La autora miró a su alrededor y escuchó los relatos de precariedad de sus propias compañeras en la universidad. Profesoras asociadas que llevan años dando clase, a las que prácticamente les cuesta dinero trabajar porque lo hacen como autónomas en universidades públicas, que no pueden investigar y publicar papers –quien no publica los papers lejos se queda de conseguir una plaza– porque tienen cientos de horas de docencia: “Creo que muchos de los nuevos pobres que hablan de la época de hoy (y cuya genealogía fundiría sus raíces en formas feminizadas de trabajo) habitan ahí, donde la ‘forma capilar de existencia’ del poder y de la expectativa –propia y ajena– vulnerabiliza silenciosamente y limita a las personas en sus tiempos y en sus medios”. 

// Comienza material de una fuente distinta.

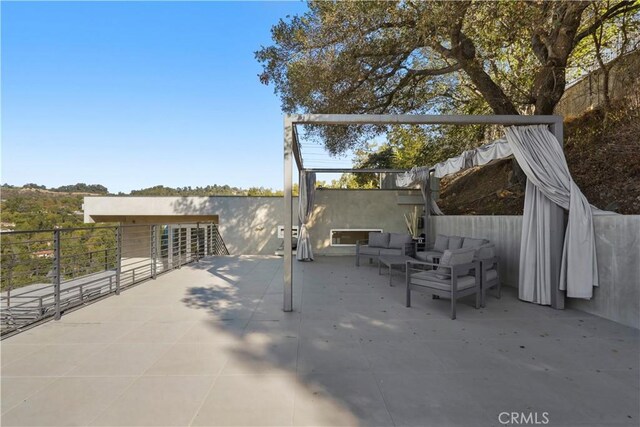 9716 Oak Pass Rd, Beverly Hills, CA 90210 - view of patio / terrace featuring an outdoor living space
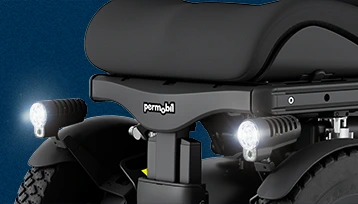 Tylny fragment wózka inwalidzkiego Permobil z siedziskiem, dwoma świecącymi LED-ami i oponami.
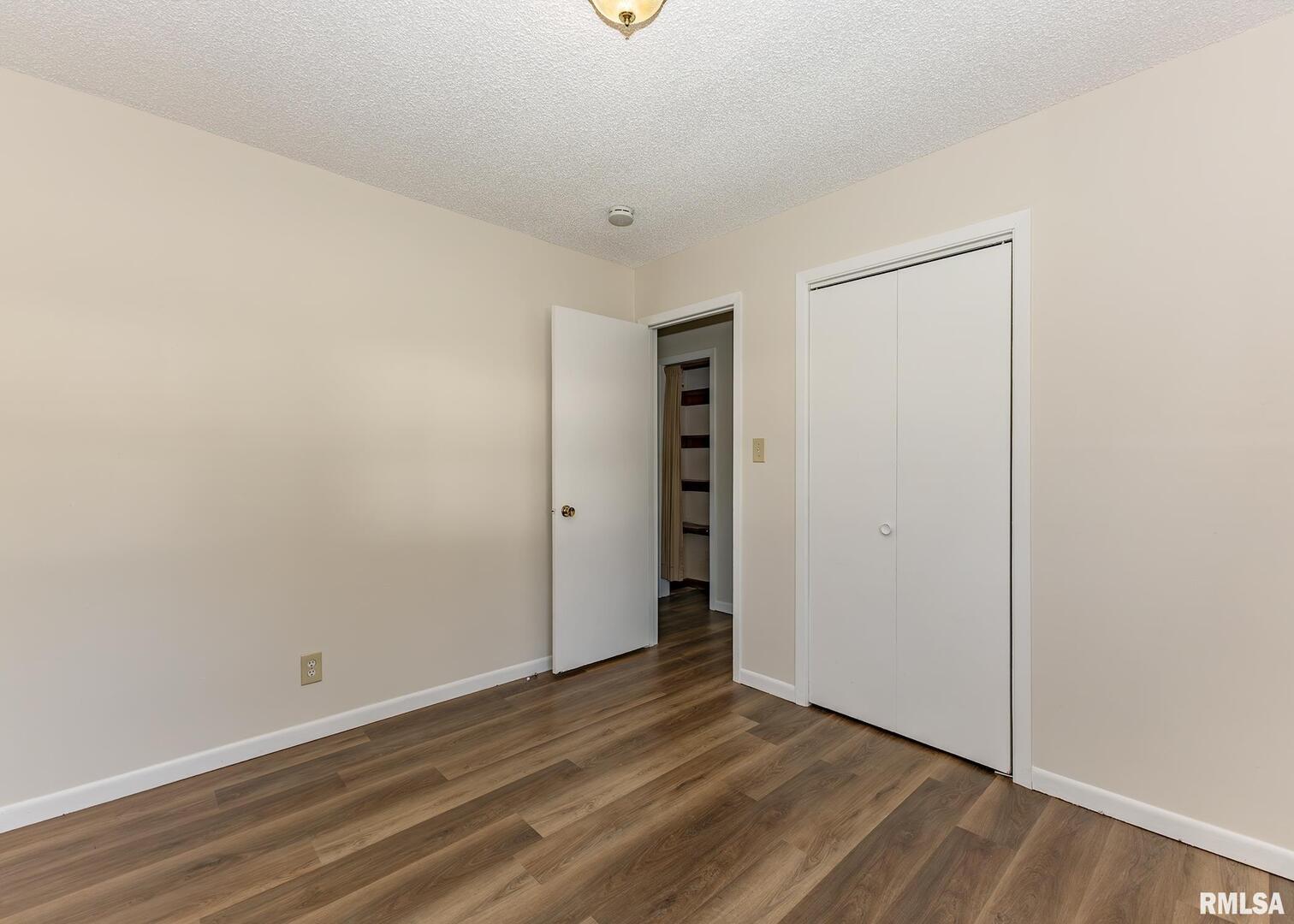 1529 North 8th Street Clinton, IA 52732 - Photo 13 of 15 a view of an empty room with closet and a window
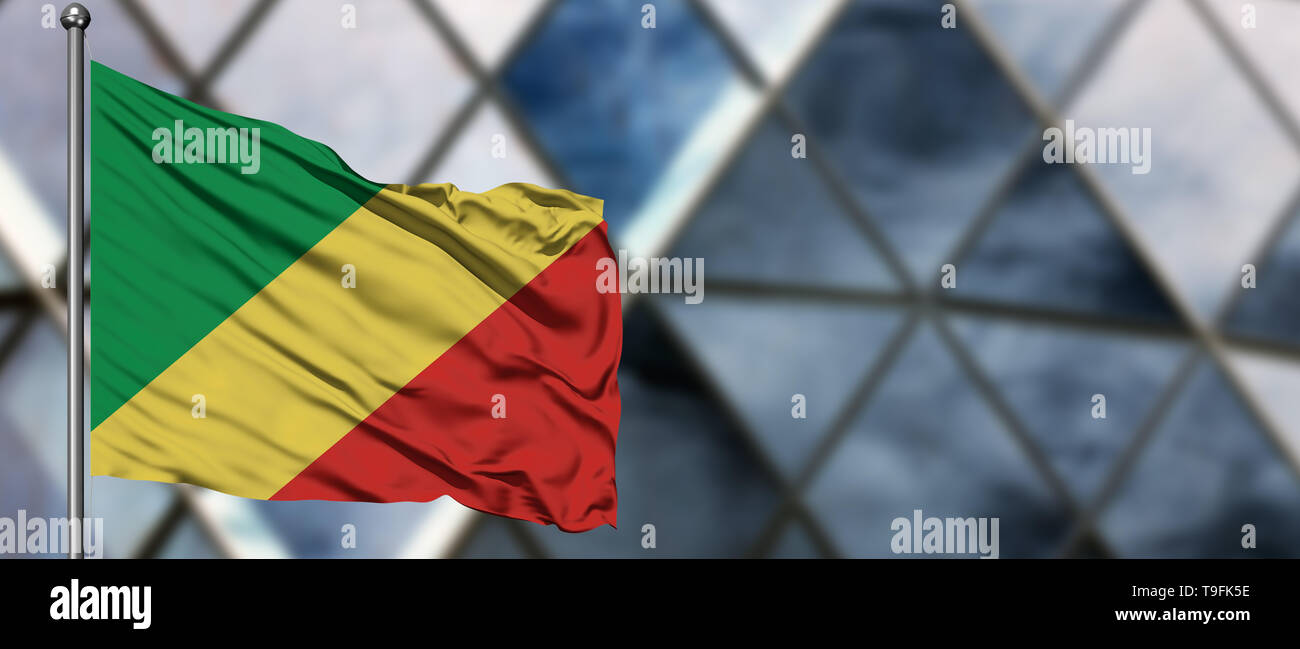 Republic Of The Congo flag waving in the wind against blurred modern ...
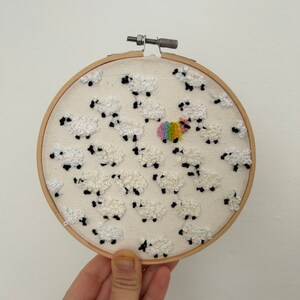 May include: A white embroidery hoop with a design of white sheep with black faces. One sheep is rainbow colored.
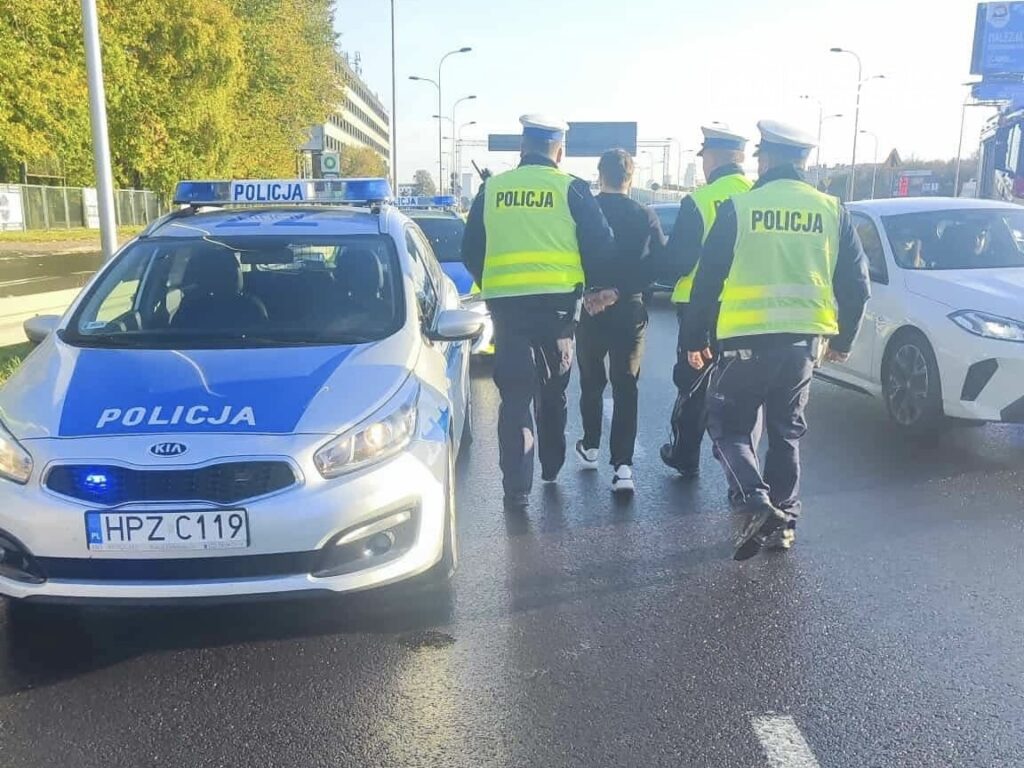 Czterech policjantów w kamizelkach odblaskowych prowadzi zatrzymanego mężczyznę na ruchliwej ulicy.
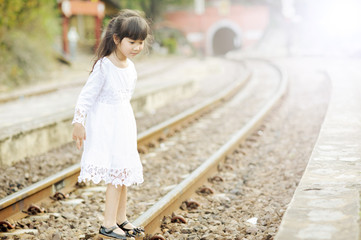 Young little Asian girl on railway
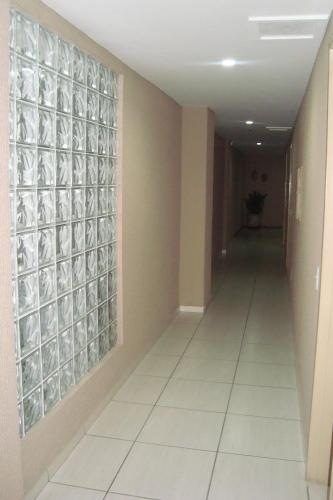 a hallway in a building with a glass wall at Villa Park Hotel Fortaleza in Fortaleza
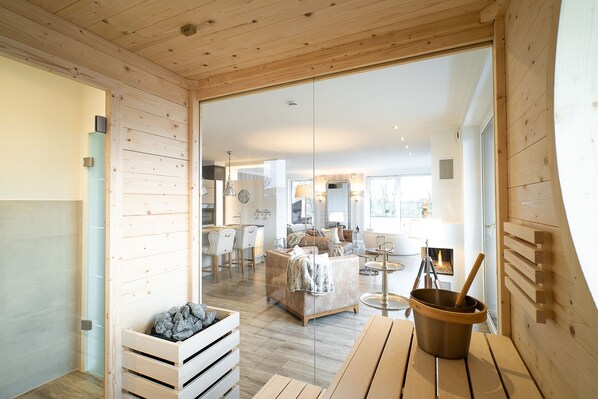 A modern interior with wooden walls, a sofa, a dining table, and a fireplace.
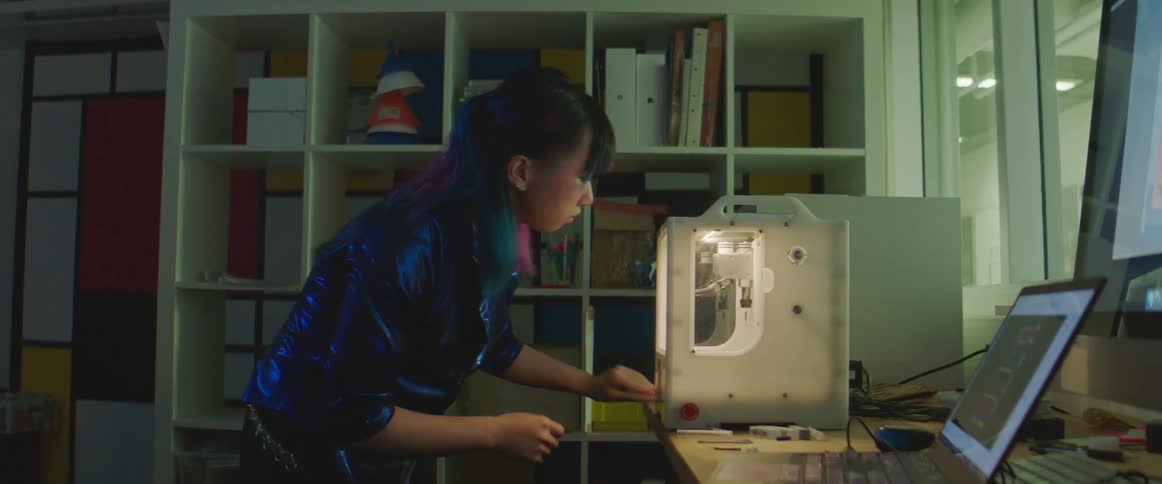 A woman is working on a 3d printer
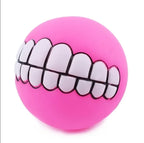 Funny Teeth Dog Balls pink ball close-up showing white cartoon teeth outlined in black.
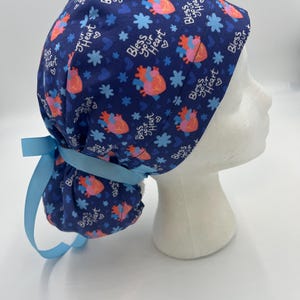 May include: Blue surgical scrub hat with a white and pink heart pattern and the text "Bless your Heart" repeated throughout. The hat has a blue ribbon tie.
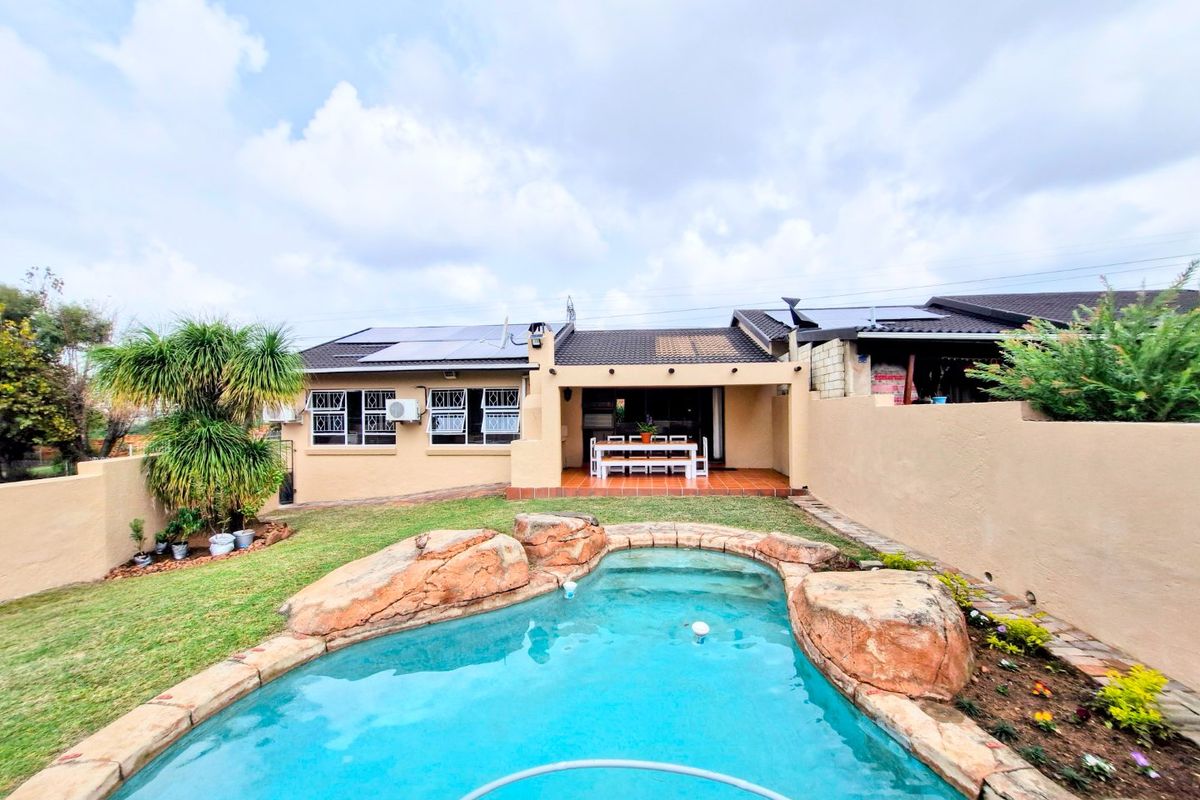 Rear view of the townhouse featuring a covered patio, a landscaped garden, and a rock-feature swimming pool with solar panels on the roof.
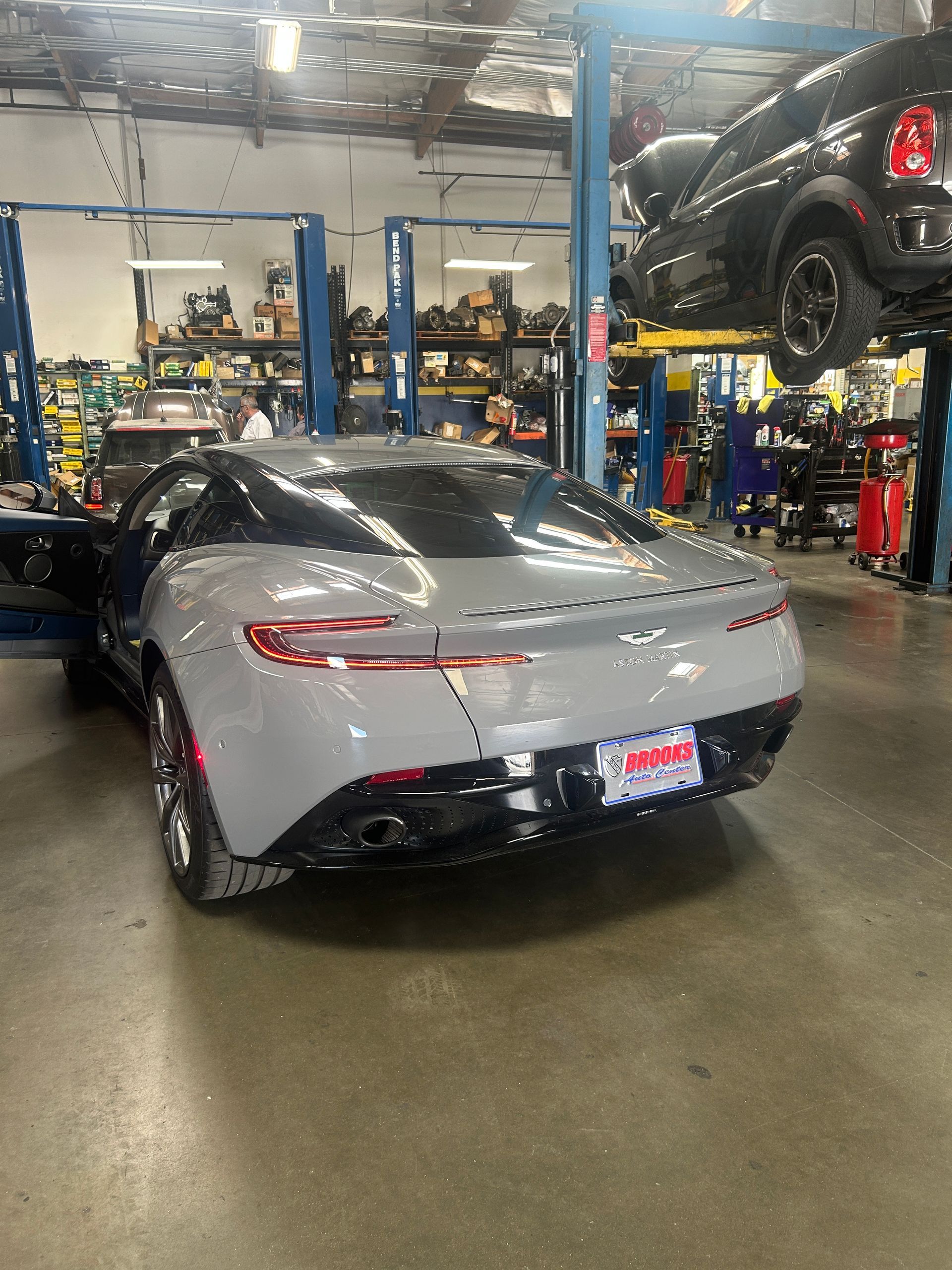 Gray convertible sports car in an auto shop, viewed from the rear with other vehicles on lifts nearby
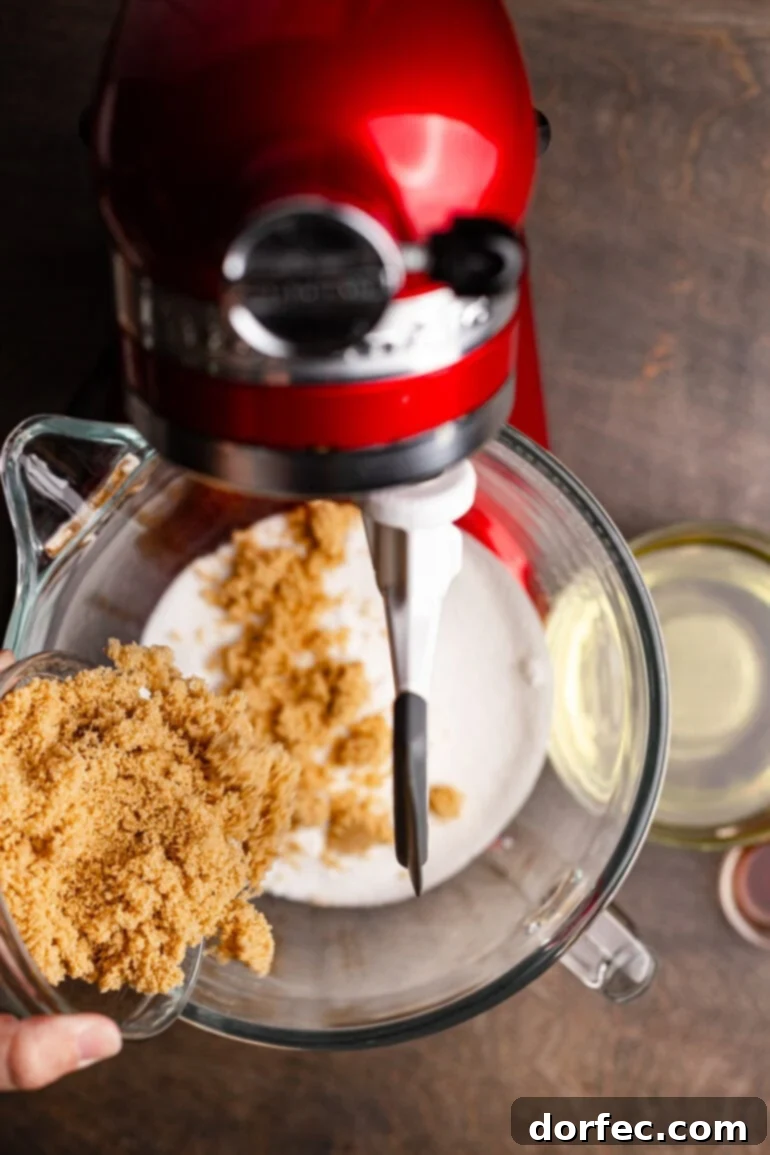 Mixing wet ingredients for brownies in a stand mixer.
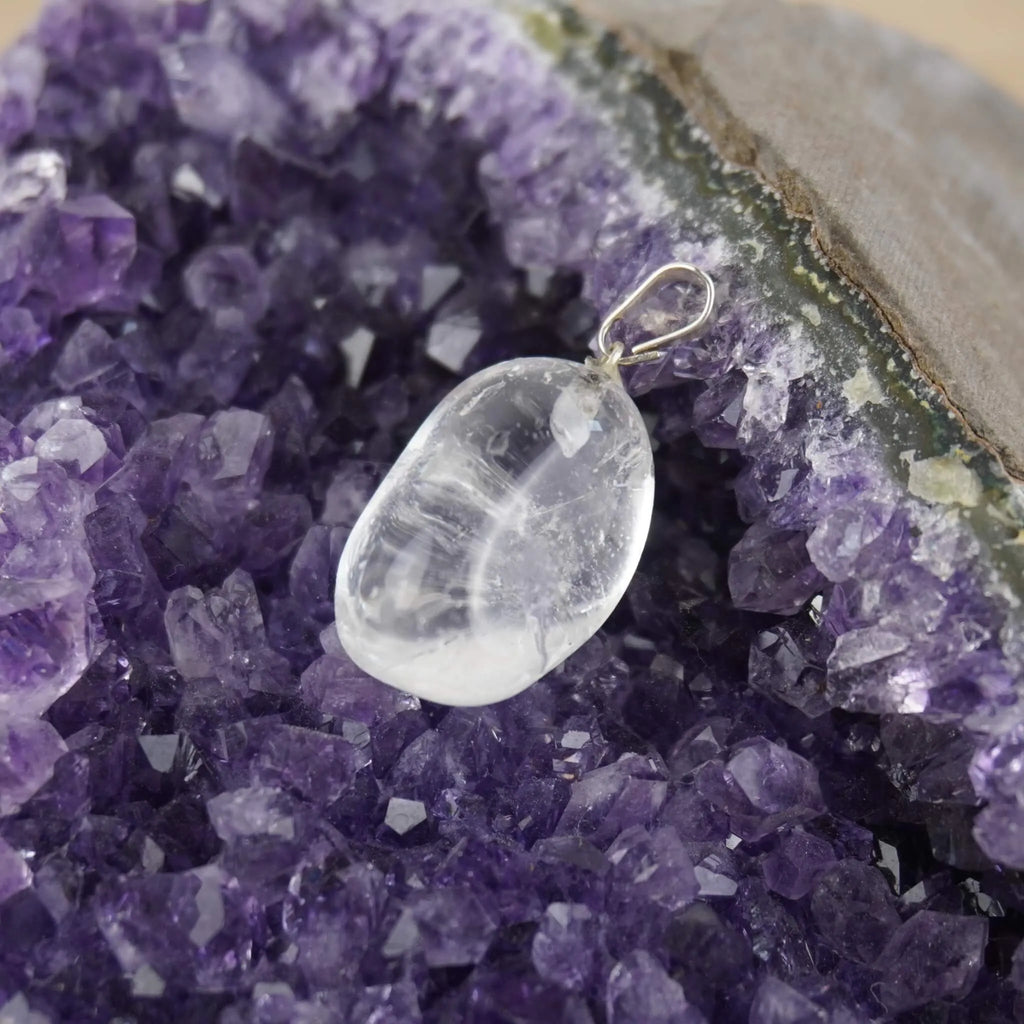 Klarer Bergkristall Trommelstein Kettenanhänger präsentiert auf Amethyst-Druse
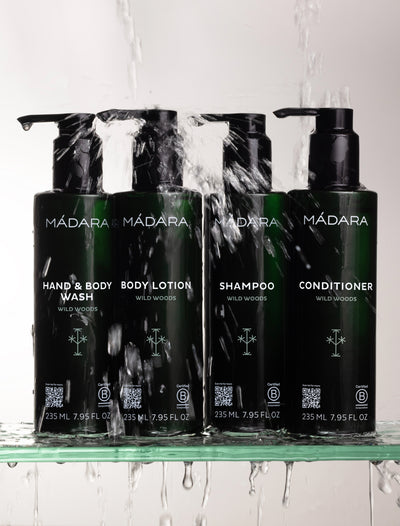 Set of Madara skincare products including Hand & Body Wash, Body Lotion, Shampoo, and Conditioner on a glass shelf with water droplets.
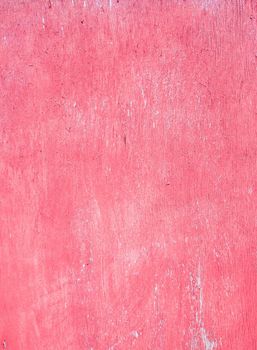 Plywood surface with worn, time-damaged red paint. Fuchsia color decorative background. Coral texture.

¿Quién custodia nuestro tiempo? ¿Quién? En El tiempo regalado (Libros del Asteroide, 2018), Andrea Köhler afirma que en nuestro tiempo existe la manía de ver las horas del día como si fueran un presupuesto del que disponemos: cuando el tiempo se experimenta como retraso, estamos ante una pulsión explotadora. El filósofo Zygmunt Bauman se pasea por las páginas de El entusiasmo para recordarnos lo que ya enunció en Vida líquida: que la de nuestra generación es “una vida precaria y vivida en condiciones de incertidumbre constante. Las más acuciantes y persistentes preocupaciones que perturban esa vida son las que resultan del temor a que nos tomen desprevenidos, a que no podamos seguir el ritmo de unos acontecimientos que se mueven con gran rapidez”. No puede detenerse. A mayor velocidad, menor es el peligro de caída. “La vida en la vida moderna líquida”, dice Bauman, “es una versión siniestra de un juego de las sillas que se juega en serio”. ¿Cómo adaptarse al vértigo constante, a las fisuras del hielo bajo nuestros pies? 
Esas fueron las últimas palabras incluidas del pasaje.